Task details
Make an exact copy of the lines from the one holding "bolivia vector map" through the end of the entries below, both ends kept, and of nothing else. Exclude pictures.

(Data excerpts)
_ _ _ _ _ _ _

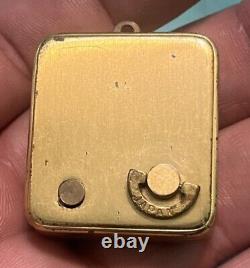 Vtg MINIATURE BALLERINA GOLD TONE MUSIC BOX CHARM PENDANT SIGNED JAPAN Rare Read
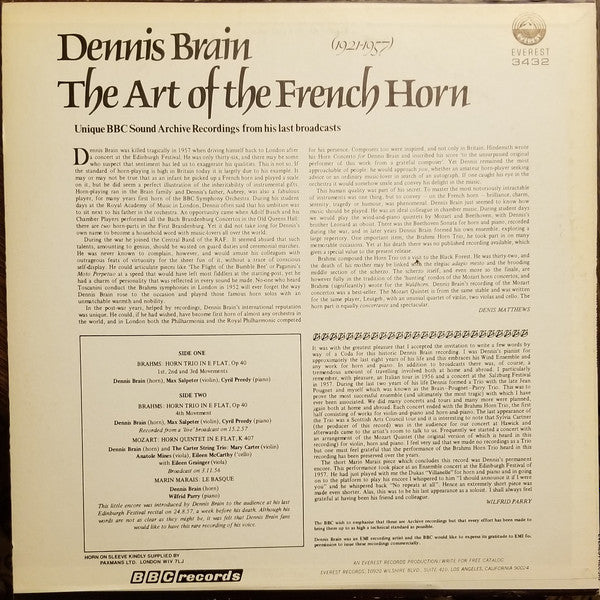 Dennis Brain, Wolfgang Amadeus Mozart, Johannes Brahms, Marin Marais : The Art Of The French Horn (LP, Album)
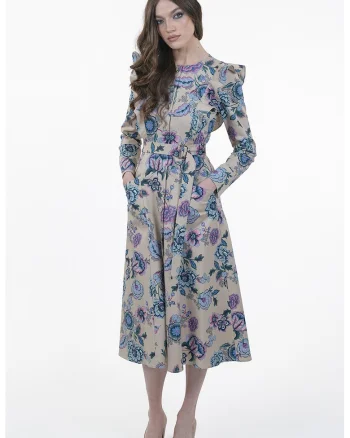 Rochie cu buzunare laterale si imprimeu, Alb fildes/Lila/Albastru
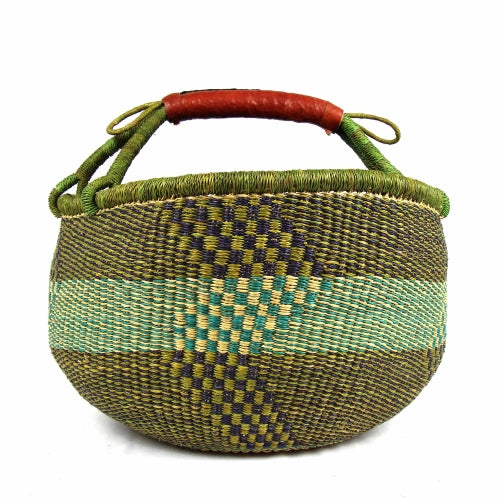 Handmade Ghana market basket with flexible structure and colorful weave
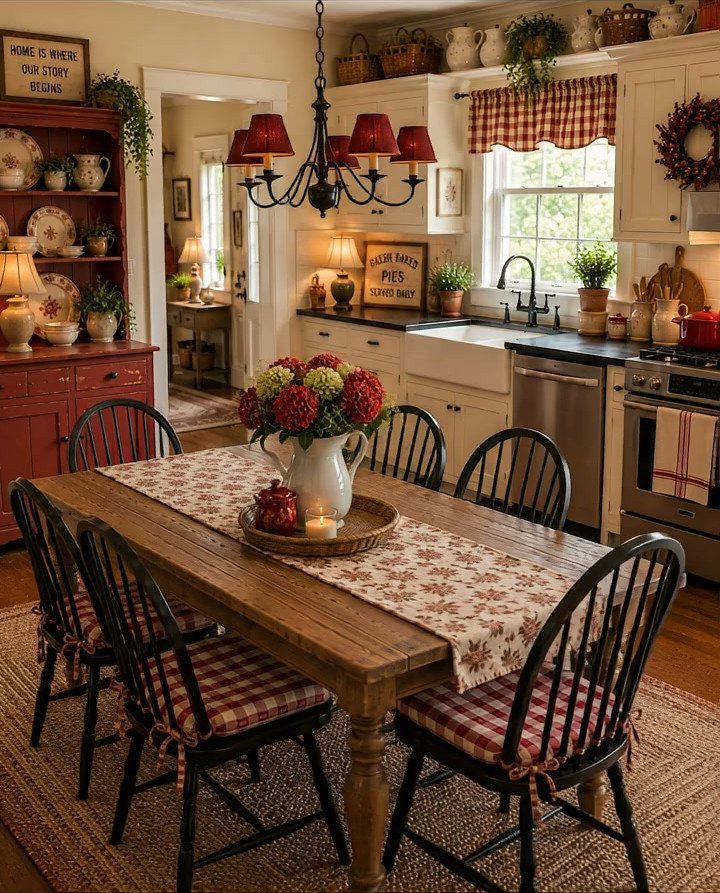 Wooden farmhouse dining table with black chairs and red checkered cushions in a kitchen.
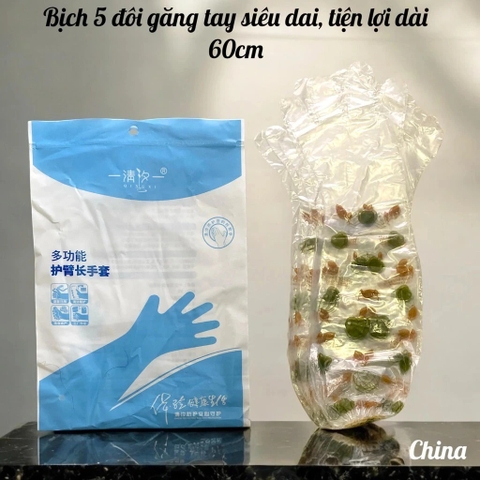 Bịch 5 đôi găng tay cao su pha nilon rửa bát siêu mỏng dai loại dài tiện dụng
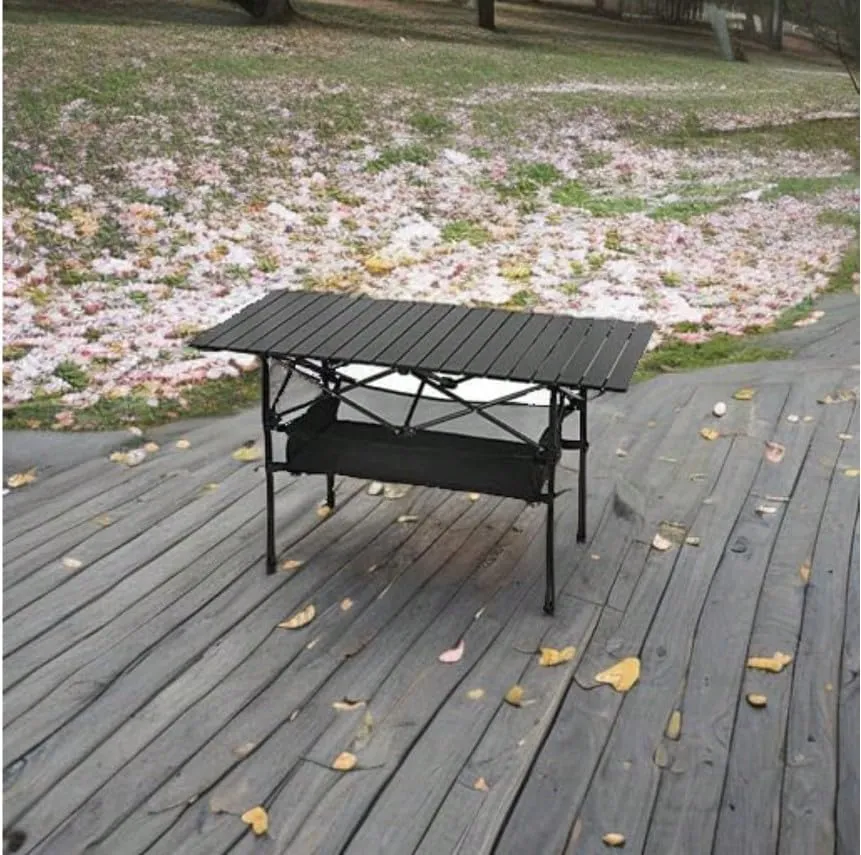 Camping Table Folding Portable Outdoor Picnic Table with Adjustable Height and Large Storage Organizer Carrying Bags for Garden and Backyard (95cm)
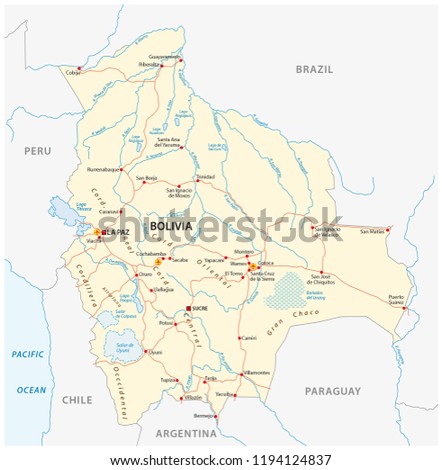 bolivia vector map with major cities and roads.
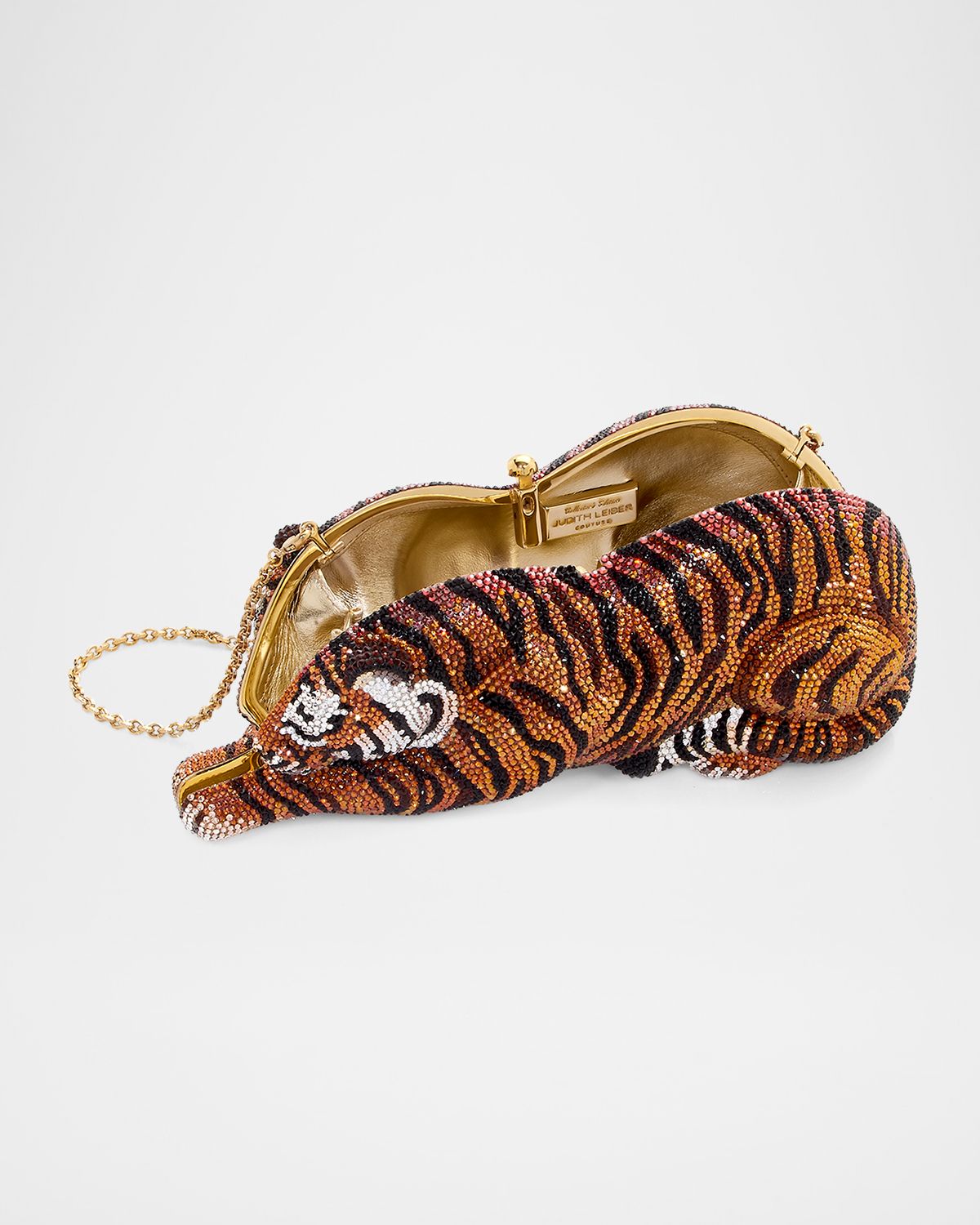 Judith Leiber Couture Tiger Crystal Minaudiere, Copper
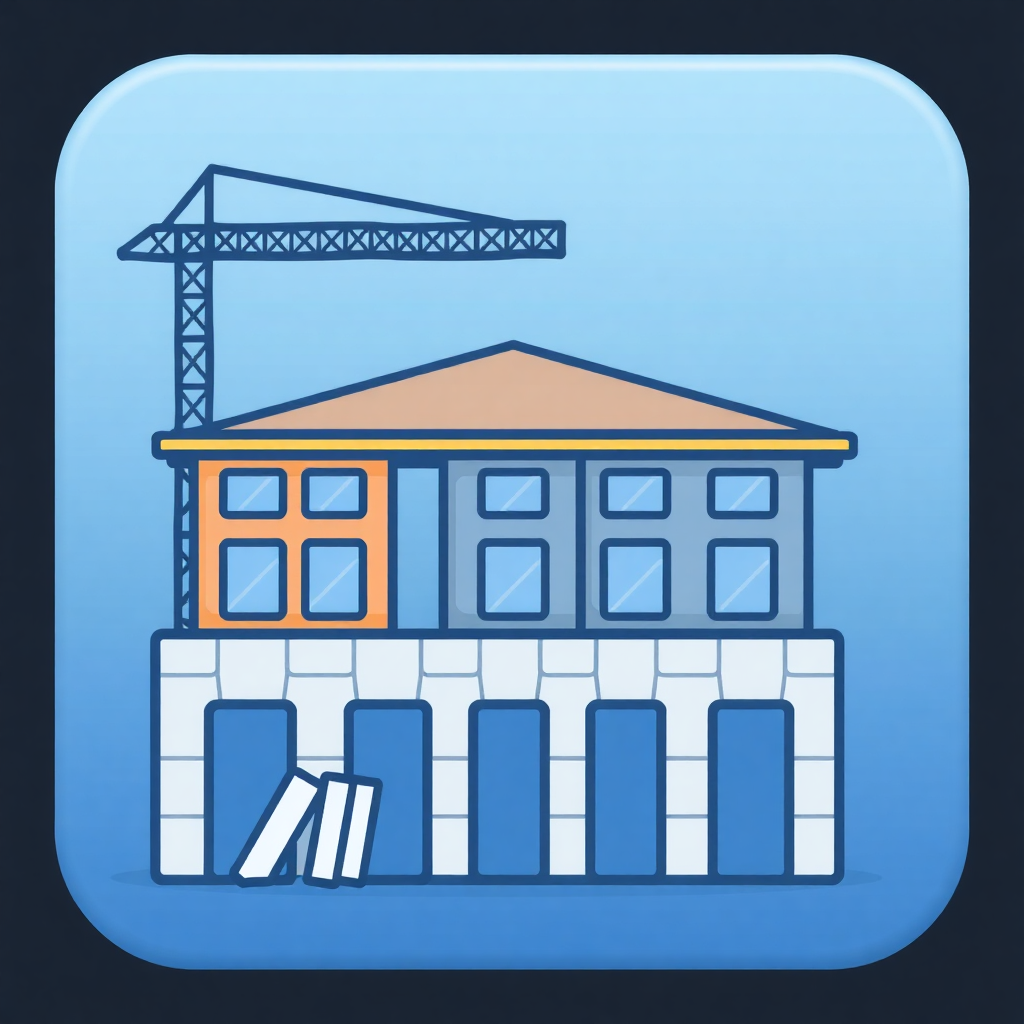 The image is a square icon with a blue background. In the center of the icon, there is a building under construction with a crane on top of it. The building is a two-story structure with a flat roof and a chimney on the left side. The crane is orange and has a long arm extending from the top. On the right side of the building, there are several windows and a door. There are also a few construction materials scattered around the building. The overall design is simple and cartoon-like.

_ _ _ _ _ _ _

Response box
 bolivia vector map with major cities and roads.
 Judith Leiber Couture Tiger Crystal Minaudiere, Copper
 The image is a square icon with a blue background. In the center of the icon, there is a building under construction with a crane on top of it. The building is a two-story structure with a flat roof and a chimney on the left side. The crane is orange and has a long arm extending from the top. On the right side of the building, there are several windows and a door. There are also a few construction materials scattered around the building. The overall design is simple and cartoon-like.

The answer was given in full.